**What the task asks**: Please transcribe the data below in full, word for word, without the images.

**Stored data**:
· · · · ·
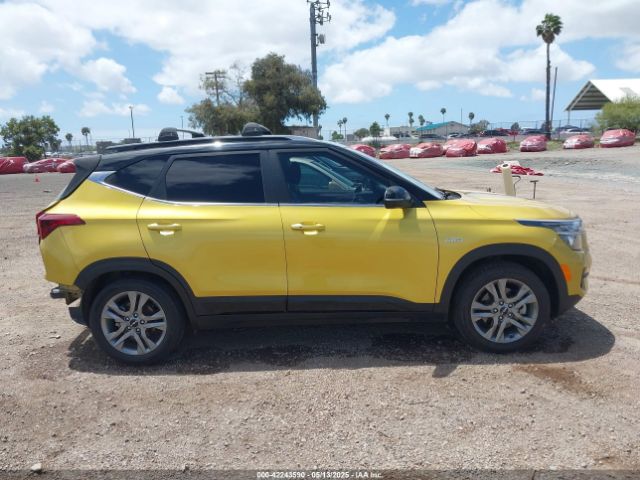 KNDEUCAA4N7237298 KIA SELTOS S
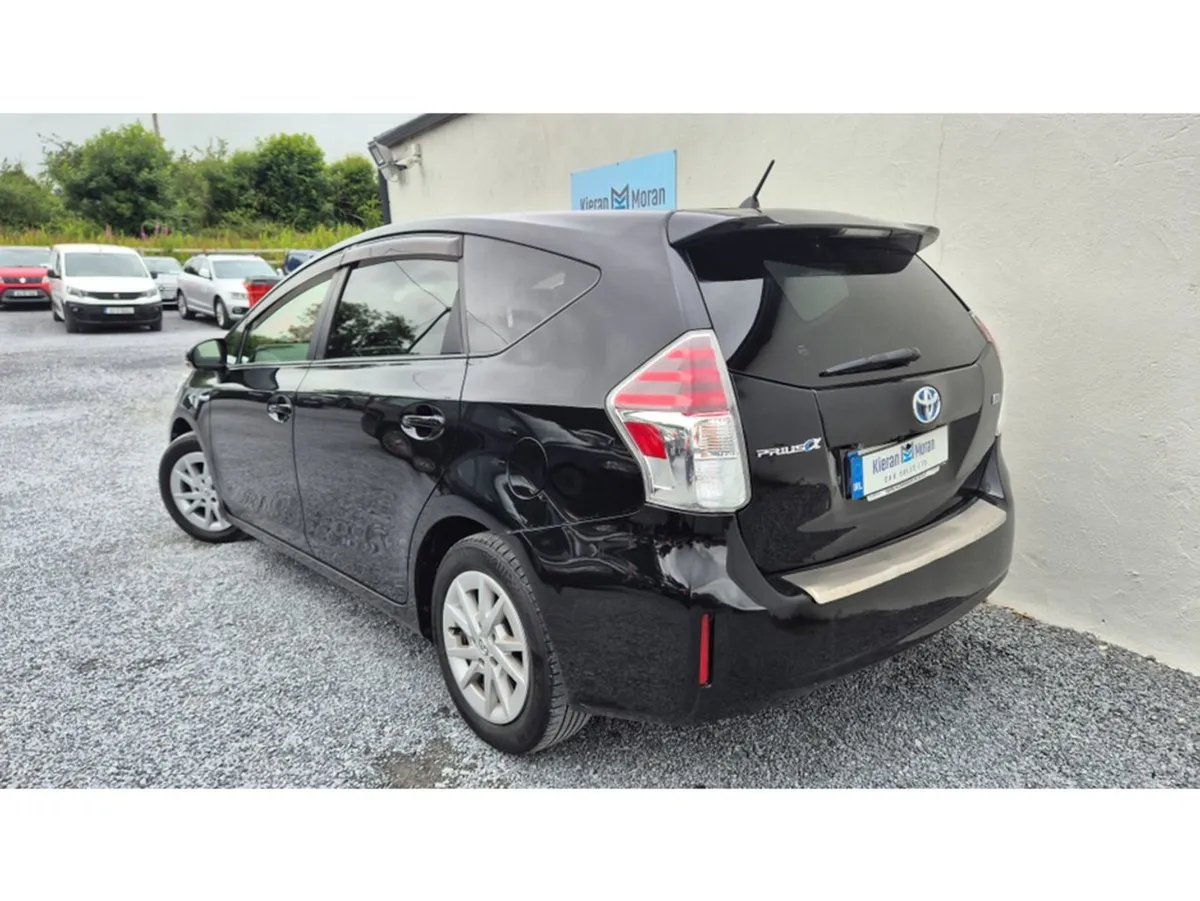 Toyota Prius Hybrid 5DR Auto - Image 3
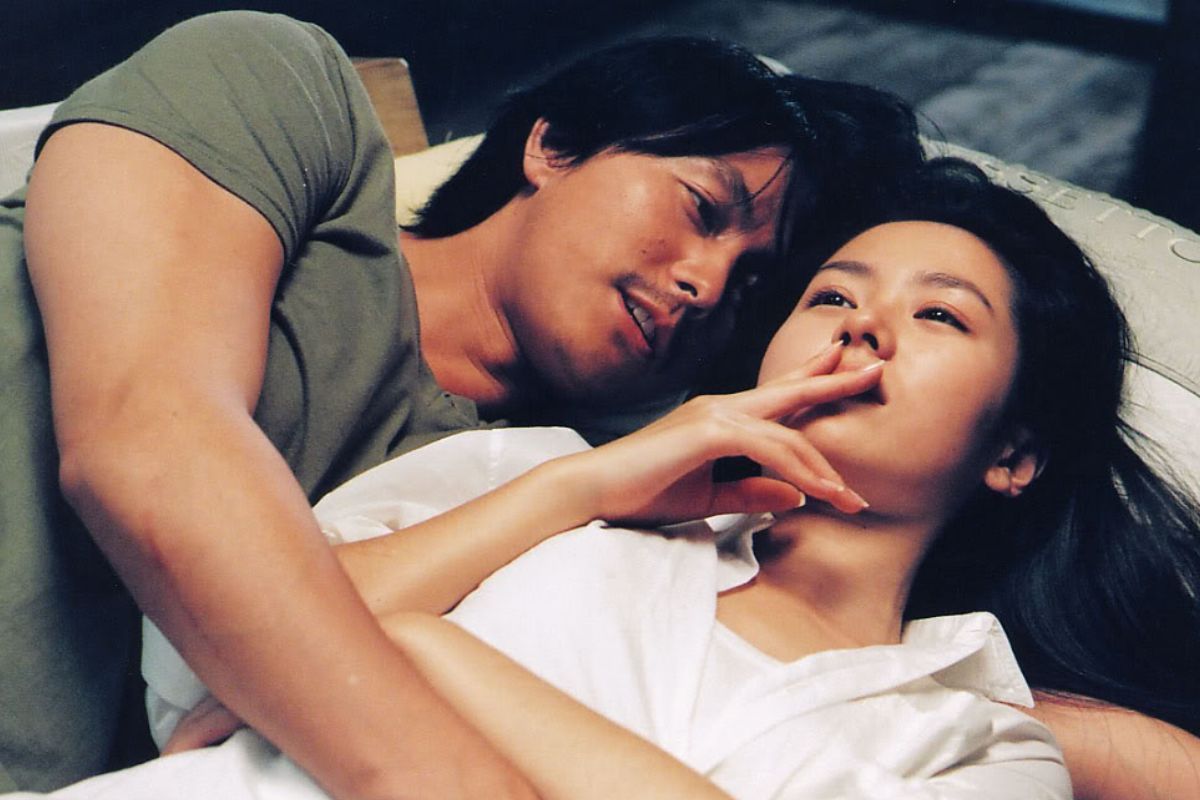 Корейская жена изменяет мужу. A moment to remember дорама. Не хочу забывать (Nae meorisokui jiwoogae, 2004).
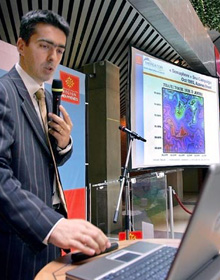 П’єр Баюрель, директор об'єднання Меркатор, 14 жовтня 2005 р. представив регіональній раді Тулузи Перший всесвітній бюлетень океанічних прогнозів стану океану. Фото Жоржа Гобе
· · · · ·
**Output below**:
 KNDEUCAA4N7237298 KIA SELTOS S
 Toyota Prius Hybrid 5DR Auto - Image 3
 Корейская жена изменяет мужу. A moment to remember дорама. Не хочу забывать (Nae meorisokui jiwoogae, 2004).
 П’єр Баюрель, директор об'єднання Меркатор, 14 жовтня 2005 р. представив регіональній раді Тулузи Перший всесвітній бюлетень океанічних прогнозів стану океану. Фото Жоржа Гобе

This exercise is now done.